Can I take you out to dinner?
Would you like to go for coffee sometime?
How about a ride in my car?
Opening salvos in a courtship process I never fully understood. I certainly had my fill of them from the hours upon hours of television and movies I watched in which dating took place. Successfully or unsuccessfully, I had a storehouse of options at my disposal. From Rick Blaine to Lloyd Christmas, my head swam with opportunities and time-tested lines that would hopefully put me in the driver's seat when it came to getting the girl.
Well, guess what?
I'll tell you what: None of those approaches worked for me.
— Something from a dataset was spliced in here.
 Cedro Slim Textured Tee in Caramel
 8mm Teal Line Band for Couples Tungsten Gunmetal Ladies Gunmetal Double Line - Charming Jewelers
I did not possess the "killer instinct" when it came time to sidle up to some fair lass and let her know what was in my heart. In this way I fulfilled yet another time-honored trope: The Strike-Out King. And not like Nolan Ryan, either.
As my thirtieth birthday approached, I had begun to make plans for a celebration of my singleness. I was going to make a big fuss about how I was going to be just fine alone and that was just fine even though all my friends seemed to be pairing off and finding true love and living stories that looked from my perspective like "happily ever after."
Then somewhere in there came a carom shot that changed my life once and for all. Smack in the middle of that big fuss I was making about being "just good friends" with the planet, a door opened. Not because of some slick line I was able to summon at just the right moment. It was because of a willingness to be the person I was and to speak my own truth when the moment to leap finally arrived. Improvisation, as it turned out, was infinitely more important than prepared speeches that lived in my mind for all those years.
Now, some thirty five years after the fact, I dredge up those speeches as an exercise in sentimentality. I have a place for all those monologues that were going to be the start of my love resume. Now they are references, footnotes to the words and moments spoken in real life. Which is fine, because we'll always have Paris.